* [What to do]:
Word for word, copy the line that contains "Emiliano Zapata, Altamira" and each line after it in the data below. Pictures stay out of the copy.

── Input data

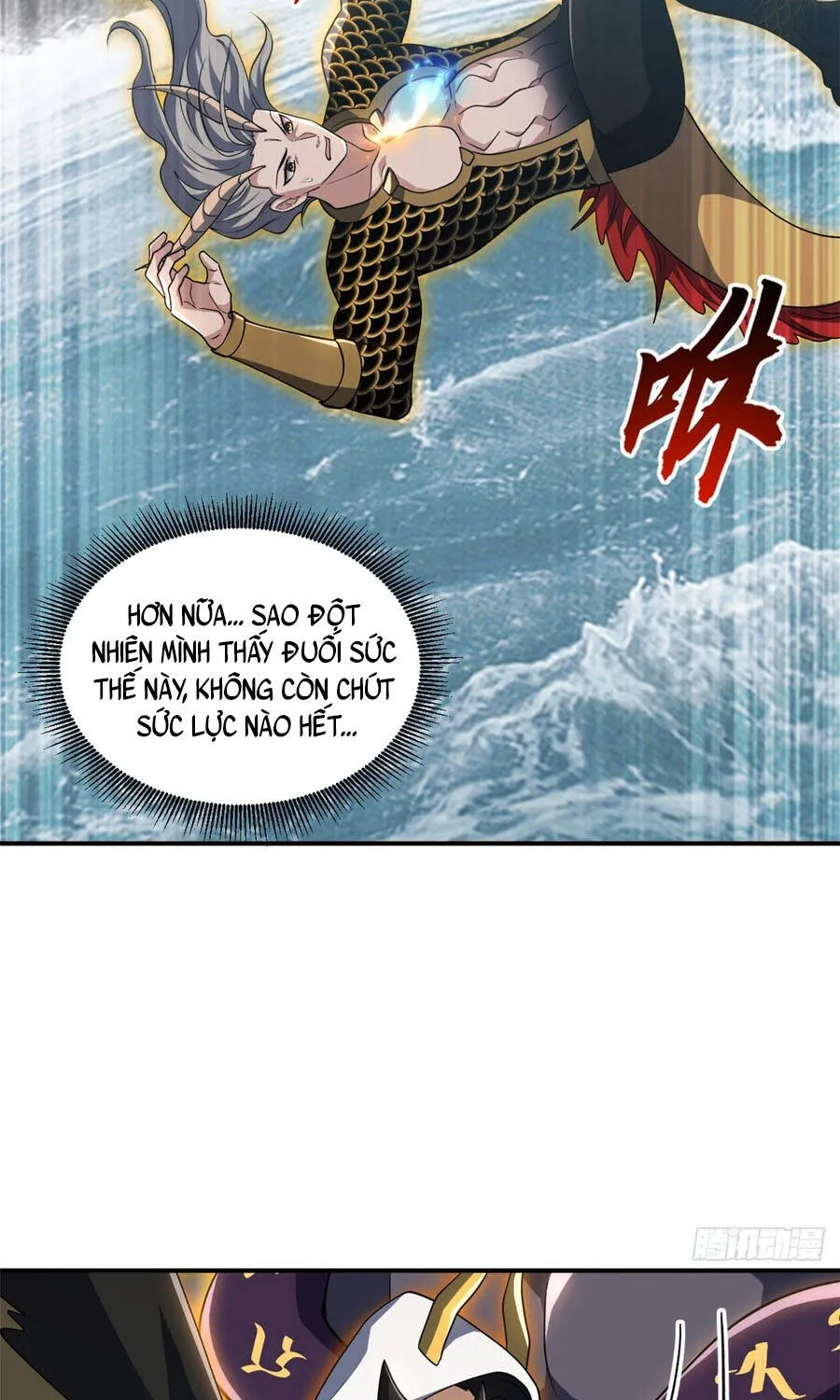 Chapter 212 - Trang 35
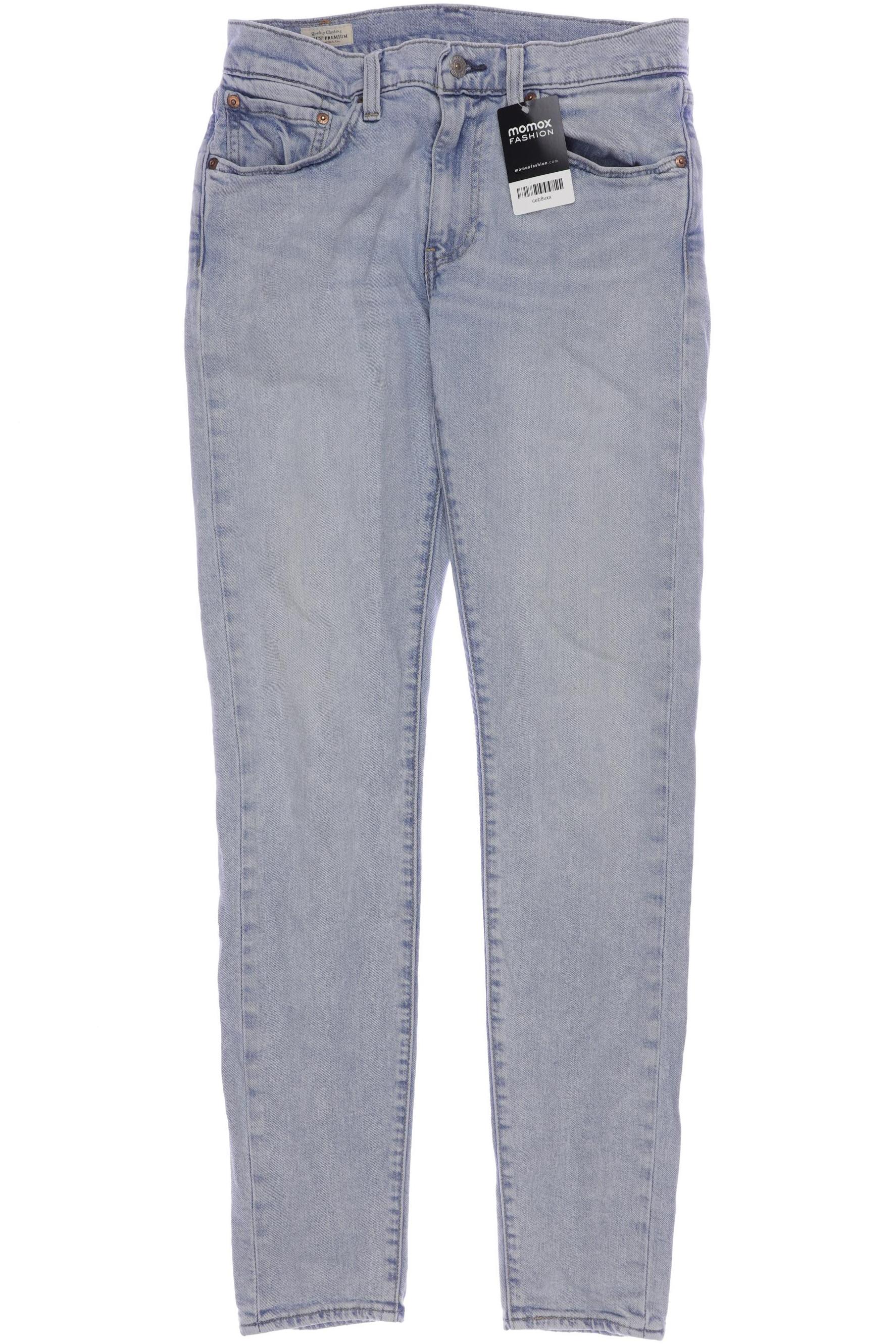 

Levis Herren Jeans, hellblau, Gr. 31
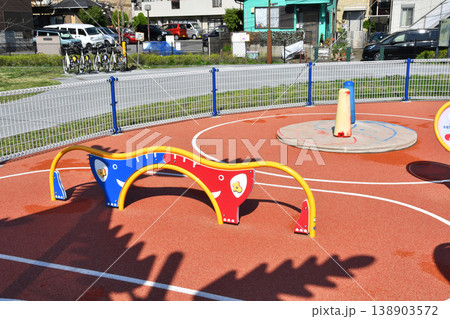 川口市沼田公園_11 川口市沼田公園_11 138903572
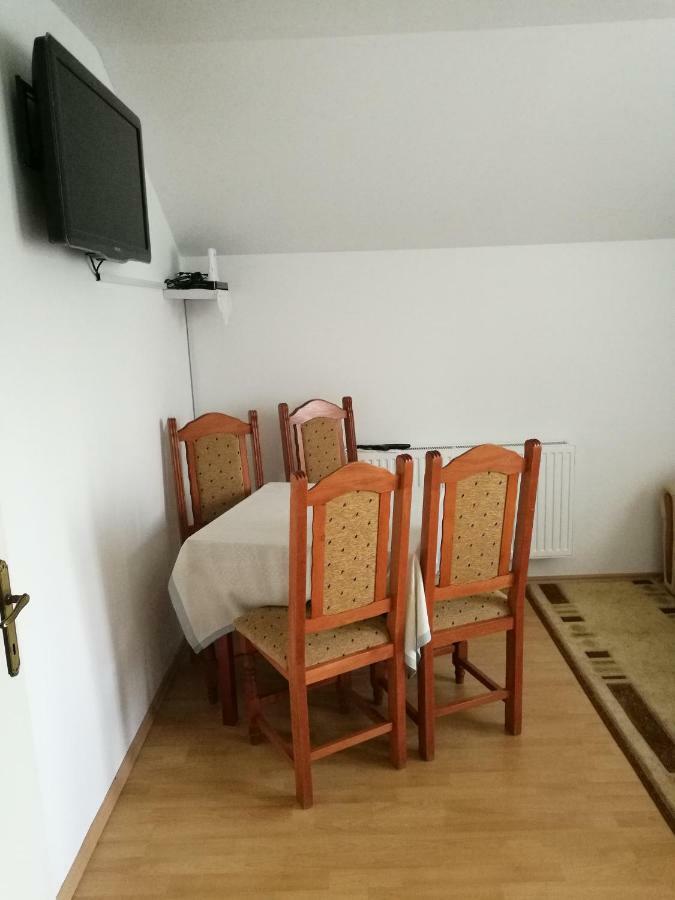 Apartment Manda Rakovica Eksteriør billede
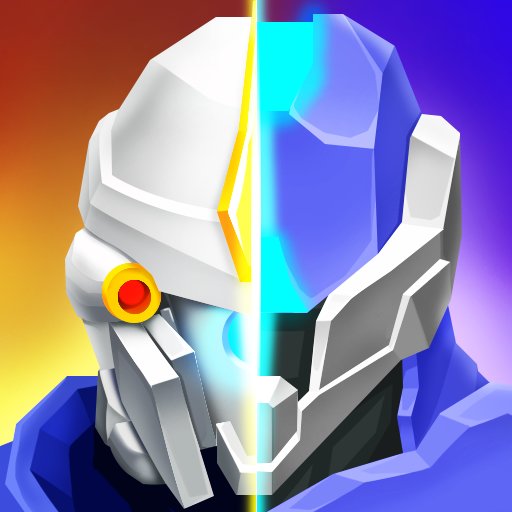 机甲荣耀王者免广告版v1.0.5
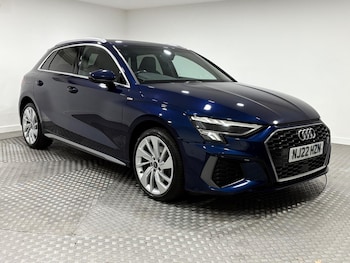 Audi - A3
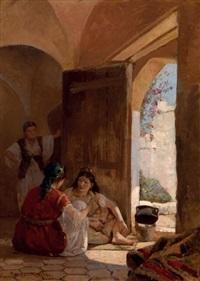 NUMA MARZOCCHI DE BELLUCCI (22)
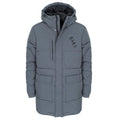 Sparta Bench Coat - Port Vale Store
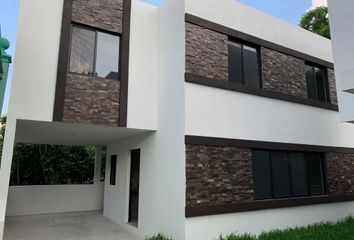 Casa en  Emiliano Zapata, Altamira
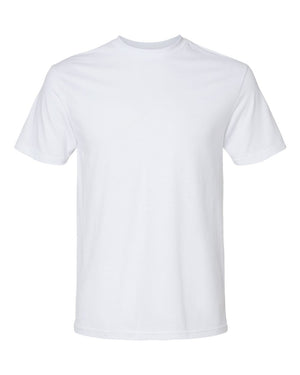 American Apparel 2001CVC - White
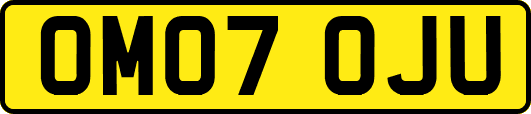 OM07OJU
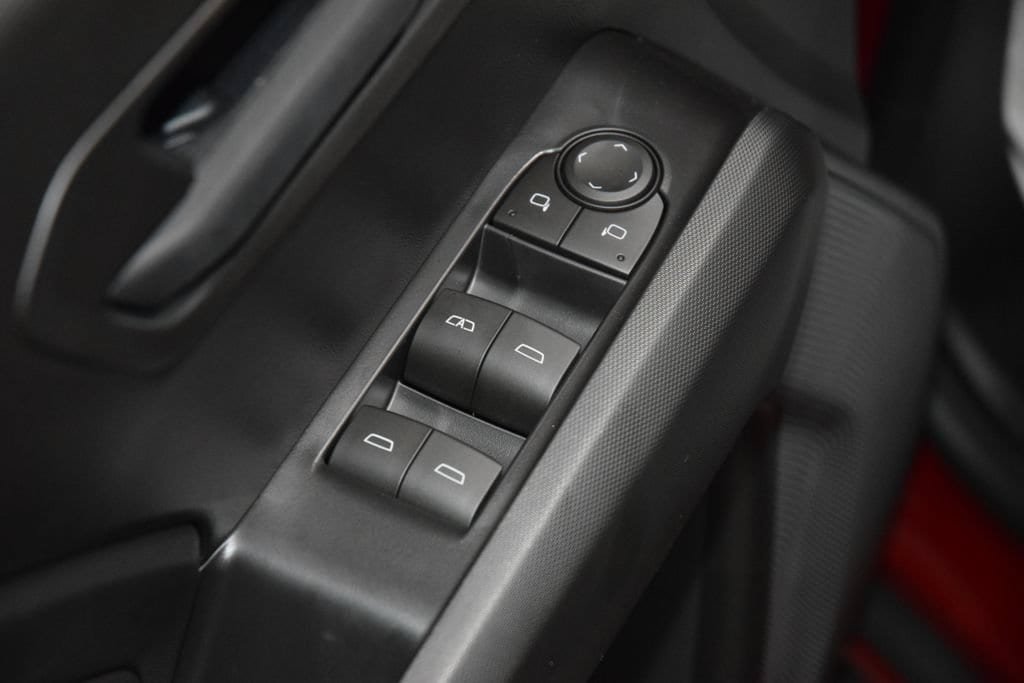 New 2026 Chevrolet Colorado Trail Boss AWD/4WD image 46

────

* [Response]:
 Casa en  Emiliano Zapata, Altamira
 American Apparel 2001CVC - White
 OM07OJU
 New 2026 Chevrolet Colorado Trail Boss AWD/4WD image 46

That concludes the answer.